The period of active oversight by the CMA has also been extended vs the earlier plan — to six years from the date of any decision to accept Google’s modified commitments (up from around five).
This means that if the CMA agrees to the commitments next year they could be in place until 2028. And by then the UK expects to have reformed competition rules wrapping tech giant — as
In its own blog post, Google condenses the revised commitments thus:
- Monitoring and reporting. We have offered to appoint an independent Monitoring Trustee who will have the access and technical expertise needed to ensure compliance.
- Testing and consultation. We have offered the CMA more extensive testing commitments, along with a more transparent process to take market feedback on the Privacy Sandbox proposals.
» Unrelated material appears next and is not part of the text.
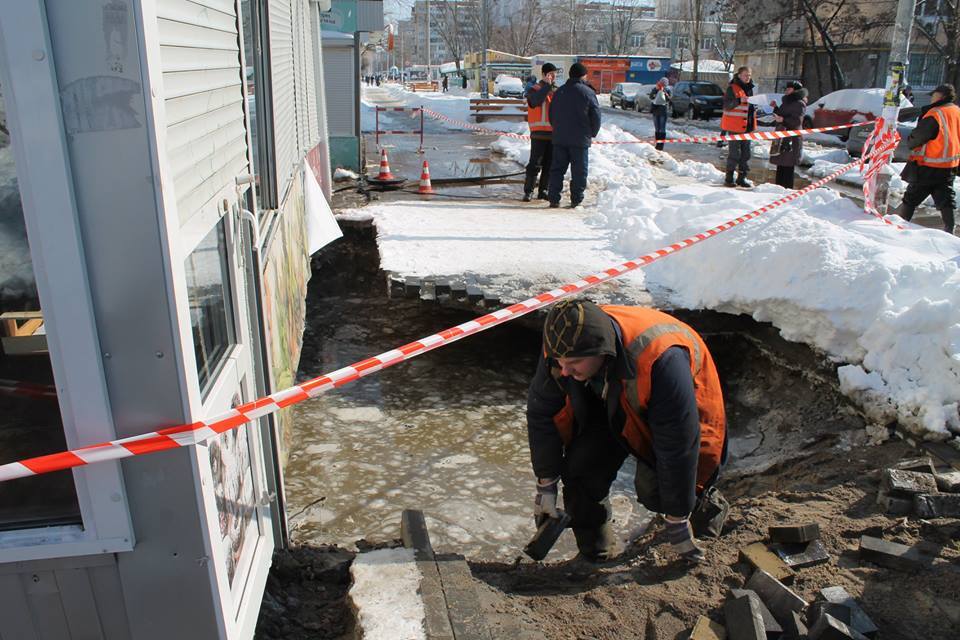 Плавають авто та сміття: у Києві затопило мікрорайон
- Further clarity on our use of data. We are underscoring our commitment not to use Google first-party personal data to track users for targeting and measurement of ads shown on non-Google websites. Our commitments would also restrict the use of Chrome browsing history and Analytics data to do this on Google or non-Google websites.
As with the earlier set of pledges, it has agreed to apply the additional commitments globally — assuming the package gets accepted by the UK regulator.
So the UK regulator continues playing a key role in shaping how key web infrastructure evolves.
Google’s blog most also makes reference to an opinion published yesterday by the UK’s information commission — which urged the adtech industry of the need to move away from current tracking and profiling methods of ad targeting.
“We also support the objectives set out yesterday in the ICO’s Opinion on Data protection and privacy expectations for online advertising proposals, including the importance of supporting and developing privacy-safe advertising tools that protect people’s privacy and prevent covert tracking,” Google noted.
This summer Google announced a delay to its earlier timeline for the deprecation of tracking cookies — saying support wouldn’t start being phased out in Chrome until the second half of 2023.
There is no suggestion from the tech giant as this point of any additional delay to that timeline — assuming it gets the regulatory greenlight to go ahead.